◆ WHAT YOU SHOULD DO ◆
Please write out the listing exactly, leaving each picture out.

◆ COLLECTED DATA ◆
━━━━

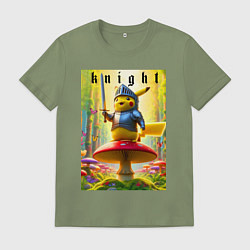 Мужская футболка Пикачу - рыцарь на мухоморе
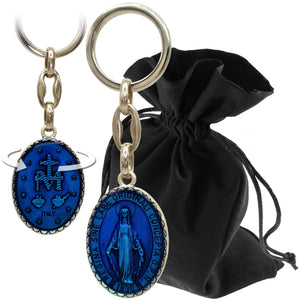 Maria Wundertätige Medaille Schlüsselanhänger blau 9 cm – gesegnet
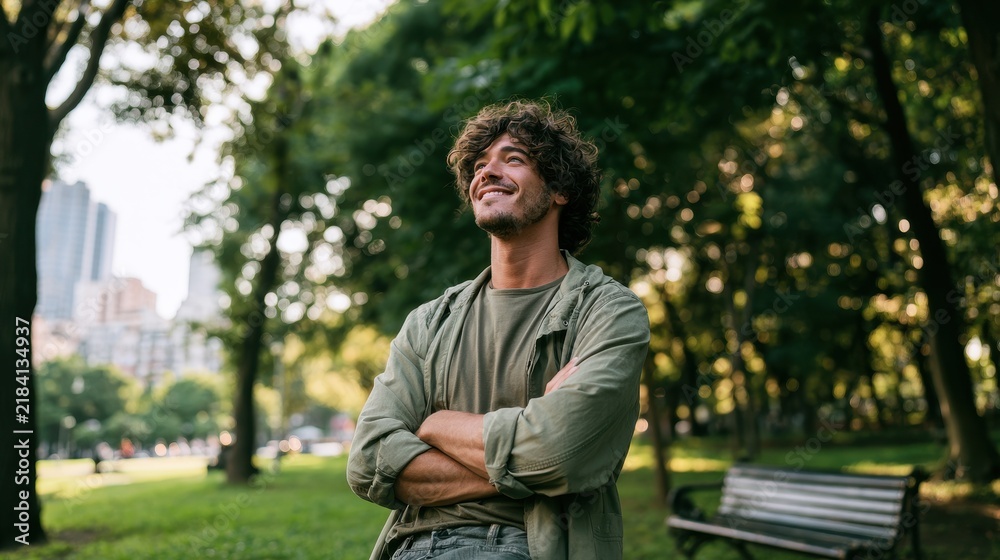 Obraz premium Outdoor lifestyle shot: smiling man in a park with crossed arms enjoying the blue sky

━━━━

◆ EXERCISE SOLUTION ◆
 Мужская футболка Пикачу - рыцарь на мухоморе
 Maria Wundertätige Medaille Schlüsselanhänger blau 9 cm – gesegnet
 Obraz premium Outdoor lifestyle shot: smiling man in a park with crossed arms enjoying the blue sky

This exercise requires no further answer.